La infancia paga su inocencia con sometimiento; la adolescencia, su vitalidad con angustia; la madurez, el conocimiento con decepción. Decepción del mundo, decepción de los hombres y decepción de uno mismo. No es tan terrible, se aprende a manejar el ocasional brote de melancolía, puedes vivir con ello. Sin embargo, hay momentos en la historia, como aquí y ahora, en que lo real no nos concede el alivio de la esperanza. Pensábamos hace unos meses haber recuperado el mundo, la vida que tuvimos y resulta que lo inevitable, lo que no depende de nuestros deseos ni nuestra voluntad, regresa e impone su dominio. Volveremos a los encierros, volveremos a perder las horas de una vida que pudo ser, volveremos a tener miedo a una muerte posible, los otros serán de nuevo una amenaza y las íntimas catástrofes de la ruina volverán a desvelarnos. Los políticos no estarán a la altura y los ciudadanos se entregarán a la furia, al veneno de las ideas simples y a los mercaderes de humo.
Mi amigo Juan Navarro a veces me habla de los tiempos de su juventud. Una larga melena cubría entonces la cabeza afeitada de tribuno romano que siempre le he conocido. Un temperamento explosivo y la lectura de Kerouac le empujaron a enrolarse en un barco pesquero que faenaba en el Gran Sol. Un día llegó su primera tormenta en alta mar. El cielo se ennegreció, alarmante, el viento empezó a soplar. Adicto a las emociones fuertes y harto de porros, se lo estaba pasando en grande con el balanceo del barco hasta que en la mirada de sus compañeros entendió el peligro. Bastó una señal de cabeza para que todos se dedicaran a plegar y amarrar cuanto había sobre cubierta. A continuación solo quedaba cerrar escotillas y refugiarse abajo, sentados en la cocina. Aguantar allí las siguientes horas «en silencio, mirándonos, pasando la botella».
Nos toca aguantar de nuevo, esperar que pase la tormenta y que la desgracia no nos alcance ni roce a quienes queremos. Cada cual tendrá su propia botella, cada cual encontrará dentro de sí aquello que le ayude a aguantar la soledad, el aguijón de la carne, el cielo negro de la tristeza y el desánimo.

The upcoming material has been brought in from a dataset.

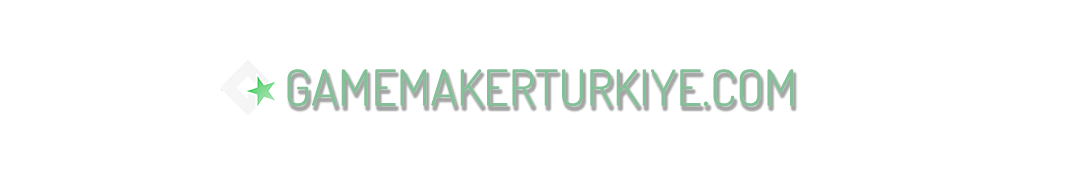 Game Maker Türkiye Sitesi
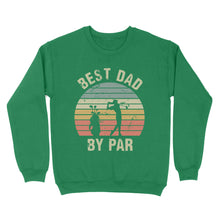 Load image into Gallery viewer, Best Dad By Par Tshirt, Vintage Golf Shirt for Men - Fathers Day Gift for Dad D01 NQS3336 Sweatshirt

Encerrado en la casa, el silencio nocturno pesa ahora de una manera especial. Uno imagina las calles vacías, recuperando sus atributos siniestros, esa sugestión de amenaza a la que no estamos acostumbrados, pero que ha formado parte de sus prestigios desde el principio de los tiempos. Como hace siglos, solo deambularán por ellas los brazos del poder, algún servidor municipal y muy pocos desconocidos. Amantes, desesperados, crápulas y criminales se dirigirán en silencio a sus asuntos bajo un firmamento indiferente. Asuntos que es agradable imaginar en la cama, mientras te dejas arrebatar por el sueño.
No hay mucho más, una desolación sin grandeza, un apocalipsis de clase media, un coñazo triste. Uno no puede decir algo consolador sin resultar trivial. Poco nos queda cierto entre las manos. Solo de una cosa estoy seguro: si alguna vez salimos de esta, no habremos aprendido nada.